In situ hybridization. Human enterokinase (HEK)-27 cDNA clone containing nt 1-2362 and HEK-1 cDNA clone containing nt 2454-3668 (14) of the human EP gene were used to prepare probes for in situ hybridization. HEK-27 included 40 nt of the 5' noncoding region and 99% of the heavy chain sequence, and HEK-1 included 92% of the light chain sequence and 599 nt of the 3' noncoding region. HEK-1, subcloned in pBluescript M13+ (Stratagene), was linealized at the BamHI (antisense template) or AccI site (sense template). HEK-27, subcloned in pBluescript II KS+ (Stratagene), was linealized at the BamHI (antisense template) or HindIII site (sense template). Each template was used to transcribe in vitro single-stranded RNA with T3 RNA polymerase (antisense probe) or T7 RNA polymerase (sense probe). Transcripts were alkaline hydrolyzed, and RNA fragments of
800 nt were used as probes, which were labeled with digoxigenin.

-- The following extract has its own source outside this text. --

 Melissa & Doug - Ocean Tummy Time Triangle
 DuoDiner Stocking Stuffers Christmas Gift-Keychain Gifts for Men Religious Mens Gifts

The hybridization procedures used in this study were essentially the same as reported previously (16). Briefly, deparaffinized sections were treated with 0.2 N hydrochloric acid for 20 min at room temperature, washed with diethyl pyrocarbonate water three times for 5 min each, digested with proteinasEP (5-10 µg/ml in phosphate-buffered saline, PBS) for 8 min at 37°C, washed three times with PBS for 5 min each, and postfixed with 4% paraformaldehyde for 5 min at room temperature. After being washed with PBS for 5 min, treated sections were immersed in 0.2% glycine in PBS twice for 15 min each at room temperature, washed with PBS three times for 5 min each, and processed for in situ hybridization at 42°C (HEK-27) or 50°C (HEK-1) overnight in a mixture containing the digoxigenin-labeled probe, 50% formamide, 10 mM Tris · HCl buffer (pH 8.0), yeast tRNA (200 µg/ml), 1x Denhardt's solution, 10% dextran sulfate, 600 mM NaCl, 1 mM EDTA, and 0.25% SDS. After hybridization, the sections were washed once with 50% formamide in 2x SSC for 60 min at 45°C and washed twice with 10 mM Tris · HCl (pH 8.0) and 500 mM NaCl for 5 min. They were treated with RNase A (20 µg/ml) at 37°C for 30 min and washed with 50% formamide in 2x SSC for 60 min at 45°C, 50% formamide in 1x SSC for 60 min at 45°C, 50% formamide in 1x SSC for 30 min at room temperature, and 100 mM Tris · HCl (pH 7.5) and 150 mM NaCl three times for 5 min each. After sections were treated with 1.5% blocking reagent at room temperature for 60 min, they were reacted with alkaline phosphatase-labeled antidigoxigenin antibody for 30 min at 37°C. Afterwards, sections were washed four times with 100 mM Tris · HCl (pH 7.5) and 150 mM NaCl for 5 min each and then washed once with 100 mM Tris · HCl (pH 9.5), 100 mM NaCl, and 50 mM MgCl2 for 5 min. Sections were colored with nitro blue tetrazolium/5-bromo-4-chloro-3-indolyl phosphate with 2 mM levamizol. The reaction was stopped with 10 mM Tris · HCl (pH 8.0) and 1 mM EDTA, and the sections were counterstained with methyl green. Sections pretreated with RNase as another negative control were digested with RNase A (100 µg/ml) for 60 min at 37°C before hybridization procedures were started.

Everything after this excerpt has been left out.